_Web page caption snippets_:
# # # # #
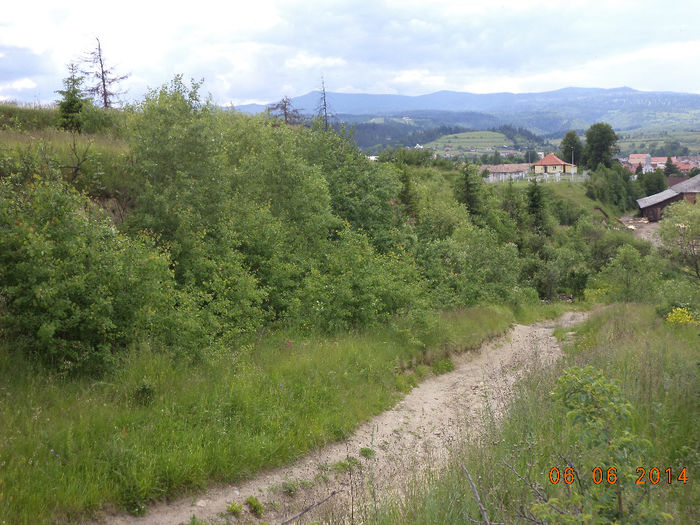 Loc de pasunat cu caprele - Iezii Alpina Franceza si stramosul lor Capra aegagrus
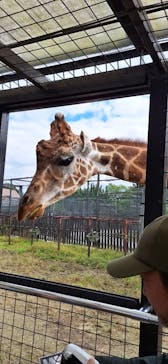 那須サファリパークに投稿された画像（2024/10/14）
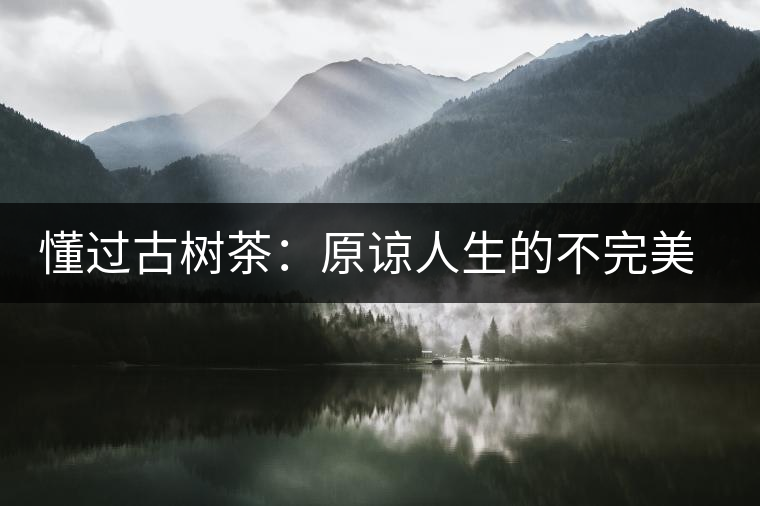 懂過古樹茶：原諒人生的不完美，多一次心靈的回歸！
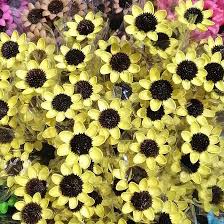 Beli bunga kering hias online berkualitas dengan harga murah terbaru 2021 di tokopedia! Bunga Matahari Bunga Kering Grosir Bunga Kayu Buatan Tangan Buy Dry Flower Wooden Flowers Dry Flowers Product On Alibaba Com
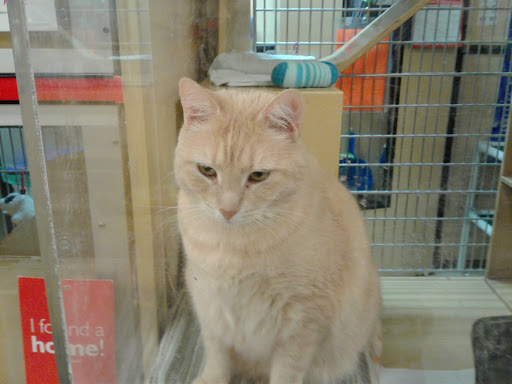 Pet Supply Store «PetSmart», reviews and photos, 2000 Clements Bridge Rd, Woodbury, NJ 08096, USA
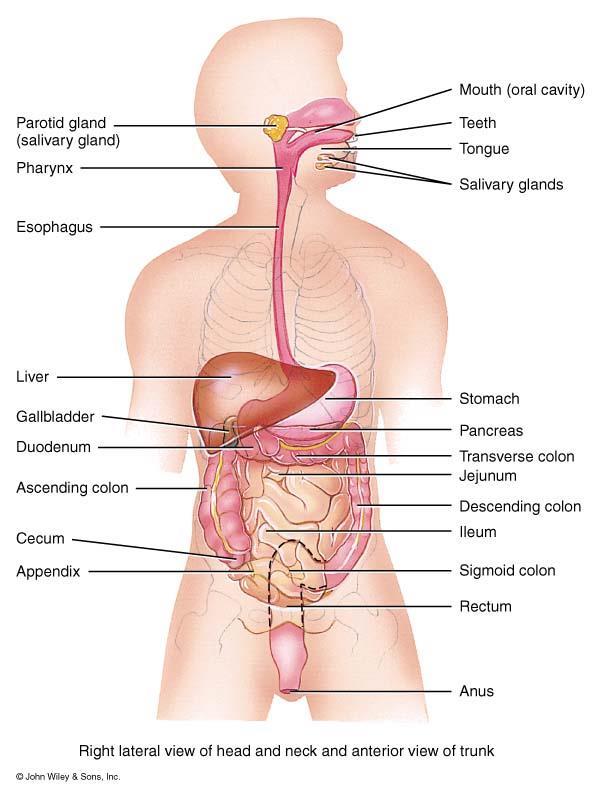 TGI boca esôfago Intestino delgado duodeno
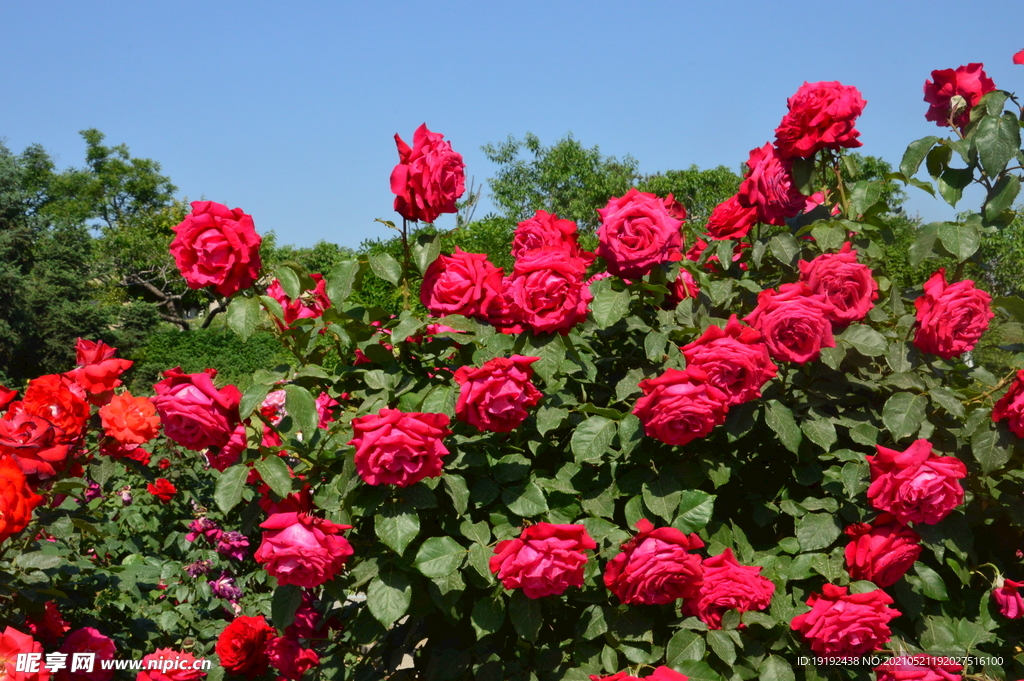 月季花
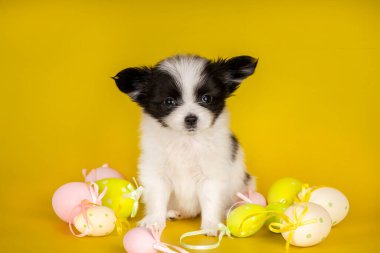 Sarı arka planda oturan şirin papillon köpek yavrusu pastel renkli Paskalya yumurtalarıyla çevrili. Tatil temalı hayvan fotoğrafçılığı.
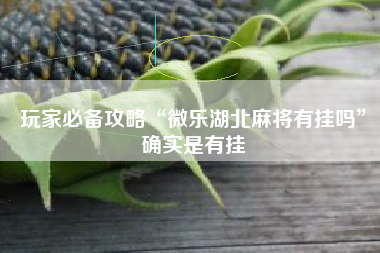 玩家必备攻略“微乐湖北麻将有挂吗”确实是有挂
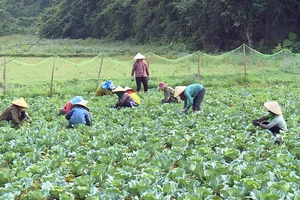 Chuỗi liên kết trồng rau bắp cải sạch của người dân xã Hồng Thái, huyện Na Hang với HTX Nông nghiệp và dịch vụ Tâm Hương.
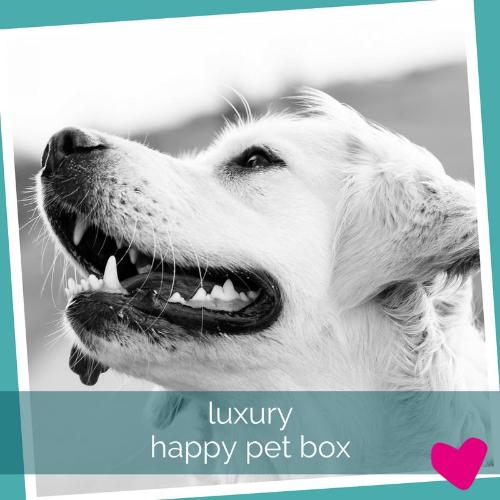 Happy Dog Subscription Box UK, Luxury Toys & Treats | Barks & Bunnies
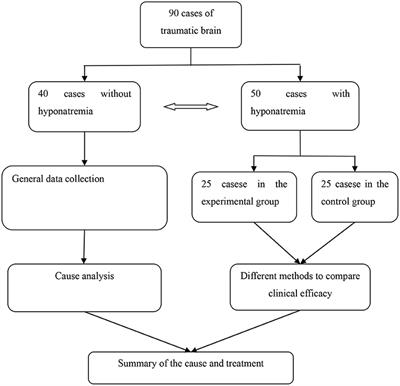 Etiology Analysis and Diagnosis and Treatment Strategy of Traumatic Brain Injury Complicated With Hyponatremia
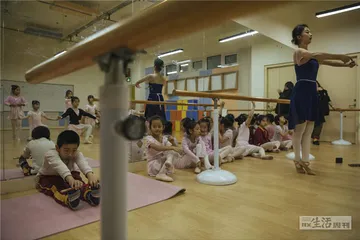 蒲公英纪事（四）：去远方2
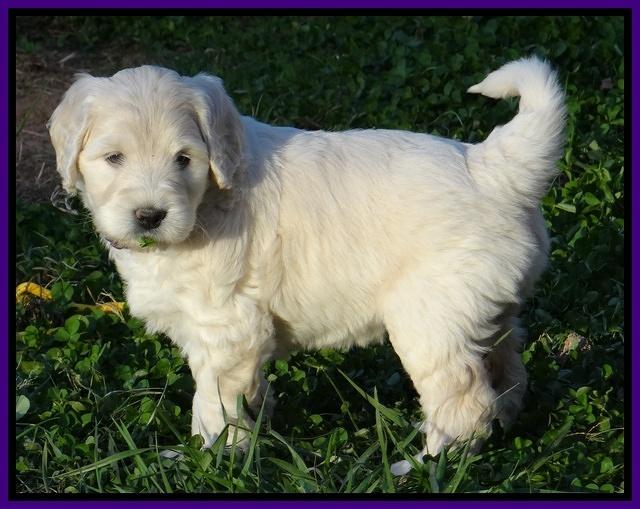 Bess Zephyr pups 6 wks old 111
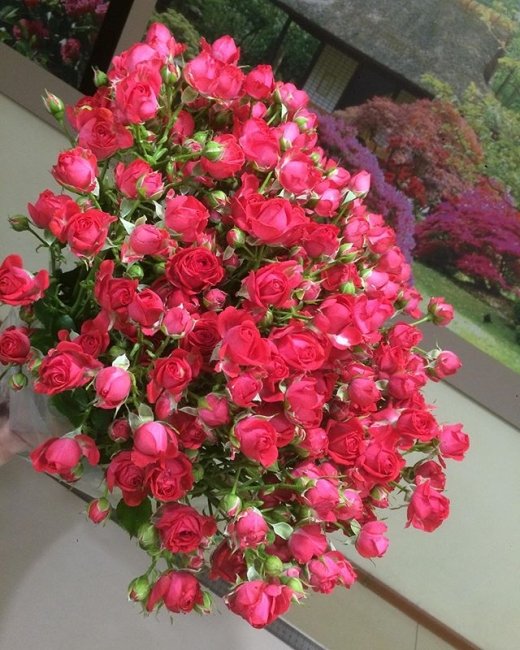 Букет из Розы Спрей Чери Хиопс  (высота  50 см)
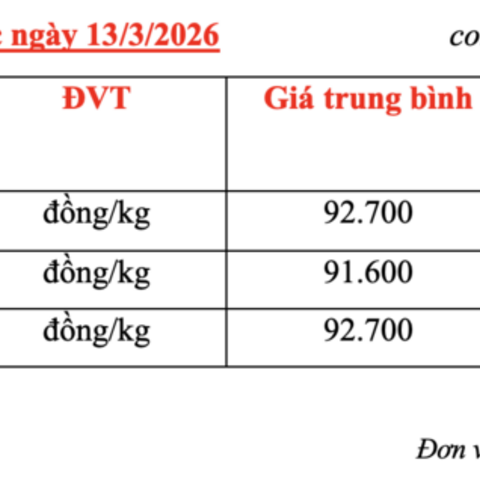Giá cà phê hôm nay 13/3/2026: Trong nước sụt giảm sâu
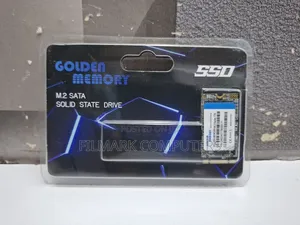 Golden M.2 Sata 2242 SSD 1tb, Pcie Gen3x4 Nvme SSD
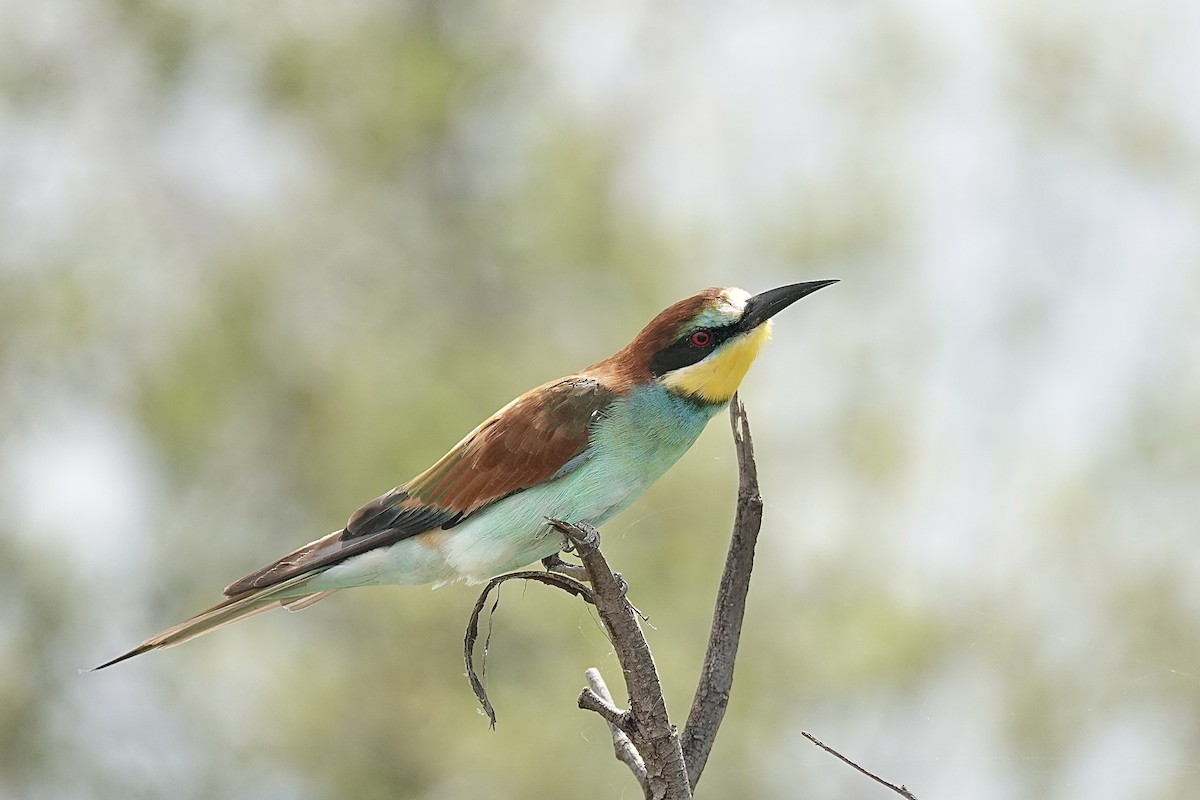 European Bee-eater - ML658817190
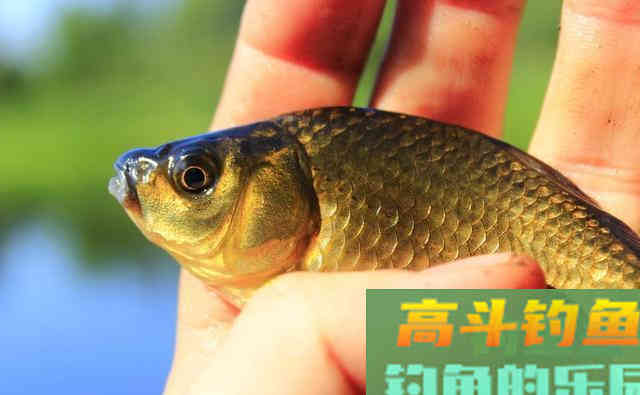 你认为鲫鱼爱吃腥饵？错了！大错特错！鲫鱼爱吃的味型是它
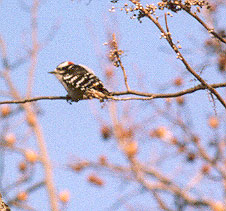 Downy Woodpecker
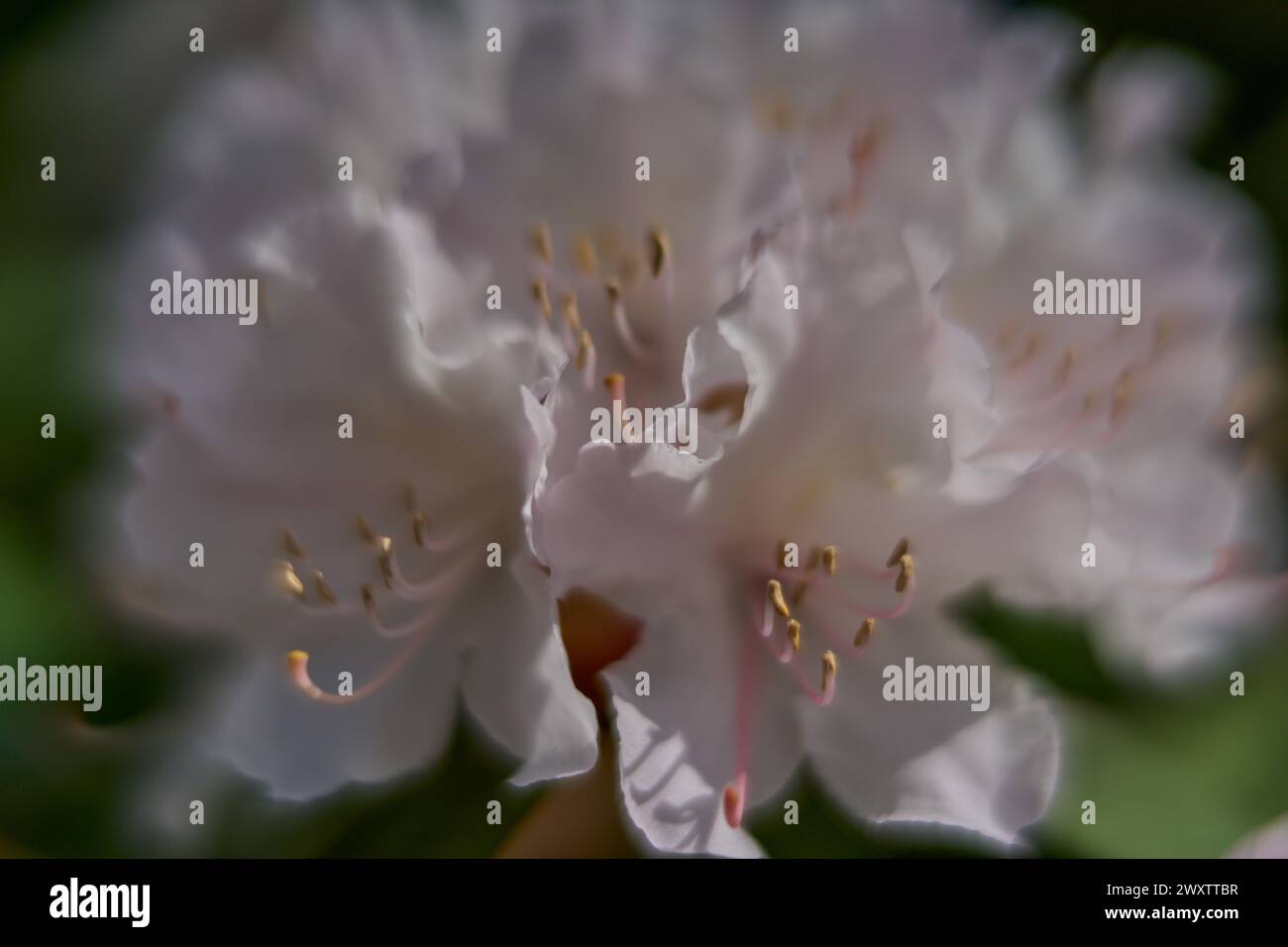 rhododendro primaverile fiorisce da vicino Foto Stock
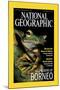 Cover of the October, 2000 National Geographic Magazine-Tim Laman-Mounted Photographic Print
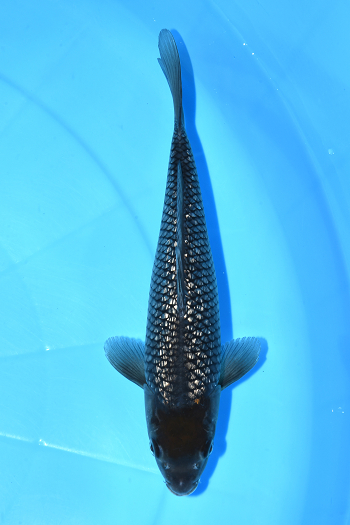 gʐ^1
# # # # #
_The task_: Print, word for word, every entry shown above; the pictures stay out.

_Solution below_:
 Loc de pasunat cu caprele - Iezii Alpina Franceza si stramosul lor Capra aegagrus
 那須サファリパークに投稿された画像（2024/10/14）
 懂過古樹茶：原諒人生的不完美，多一次心靈的回歸！
 Beli bunga kering hias online berkualitas dengan harga murah terbaru 2021 di tokopedia! Bunga Matahari Bunga Kering Grosir Bunga Kayu Buatan Tangan Buy Dry Flower Wooden Flowers Dry Flowers Product On Alibaba Com
 Pet Supply Store «PetSmart», reviews and photos, 2000 Clements Bridge Rd, Woodbury, NJ 08096, USA
 TGI boca esôfago Intestino delgado duodeno
 月季花
 Sarı arka planda oturan şirin papillon köpek yavrusu pastel renkli Paskalya yumurtalarıyla çevrili. Tatil temalı hayvan fotoğrafçılığı.
 玩家必备攻略“微乐湖北麻将有挂吗”确实是有挂
 Chuỗi liên kết trồng rau bắp cải sạch của người dân xã Hồng Thái, huyện Na Hang với HTX Nông nghiệp và dịch vụ Tâm Hương.
 Happy Dog Subscription Box UK, Luxury Toys & Treats | Barks & Bunnies
 Etiology Analysis and Diagnosis and Treatment Strategy of Traumatic Brain Injury Complicated With Hyponatremia
 蒲公英纪事（四）：去远方2
 Bess Zephyr pups 6 wks old 111
 Букет из Розы Спрей Чери Хиопс  (высота  50 см)
Giá cà phê hôm nay 13/3/2026: Trong nước sụt giảm sâu
 Golden M.2 Sata 2242 SSD 1tb, Pcie Gen3x4 Nvme SSD
 European Bee-eater - ML658817190
 你认为鲫鱼爱吃腥饵？错了！大错特错！鲫鱼爱吃的味型是它
 Downy Woodpecker
 rhododendro primaverile fiorisce da vicino Foto Stock
 Cover of the October, 2000 National Geographic Magazine-Tim Laman-Mounted Photographic Print
 gʐ^1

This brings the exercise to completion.